Designing a house for an artist demands a different kind of process, says architect Thomas Hickey of GRADE in New York.
“The dynamics were awesome,” he says. “But we kept modifying and tweaking the design.”
At the outset, mosaic artist Sara Baldwin of New Ravenna Mosaics handed him a sketch of a very modern building that was inspired, he says, by the New York Botanical Gardens in Harlem.
“She liked the barrel-vaulted timber with the exposed trusses,” he says. “The challenge was translating them to a residential scale.”
He succeeded. The studio portion of the house in Eastville, Va., designed as a place to open up not only to her work but to the woods and the Chesapeake Bay, 75 yards to the west.
“You have to look through the pine trees to see it, but you can hear it,” he says. “She wanted to be perched up, with a long view of the land and then the water.”
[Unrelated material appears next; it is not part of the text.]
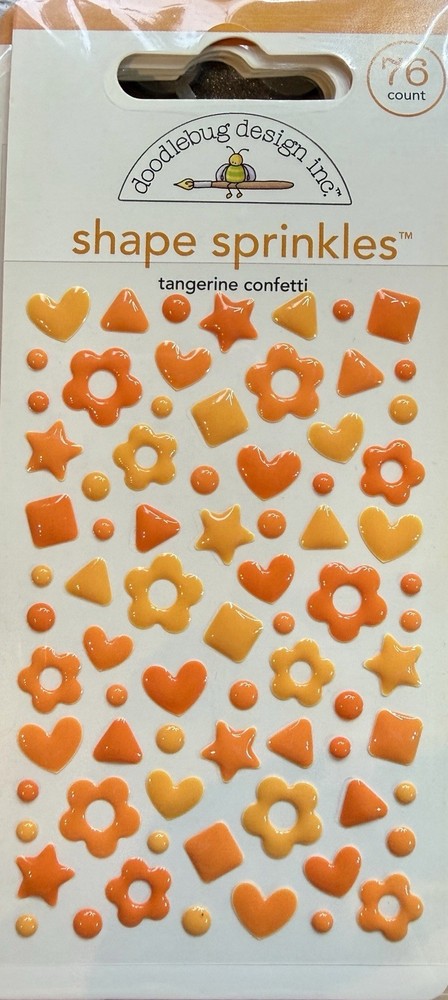 Doodlebug Shape Sprinkles Tangerine Confetti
The idea was to create a retreat where Baldwin could lay out her tile and design, or entertain the occasional client.
An approach up a steep hill reveals a studio-house that’s almost fortress-like in its effort to maintain its privacy. There’s a zinc roof for the curving barrel vault, redwood timber beams shipped in from the Northwest and mahogany siding courtesy of Baldwin’s grandfather’s collection. Stone slab flooring came from Italy, and exterior stucco matches that of the sand all ‘round the house.
Inside, the 2,500 square-foot structure offers three bedrooms and three baths – each of which features Baldwin’s own mosaic designs.
The architect is now a big fan of her work, and says he tries to feature one of her designs in every project he does. “It feels custom-made instead of standard,” he says. “And it’s about the same cost.”
Tweaks and modifications aside, this studio-house is an assimilation of two spirits linked by an appreciation for good design.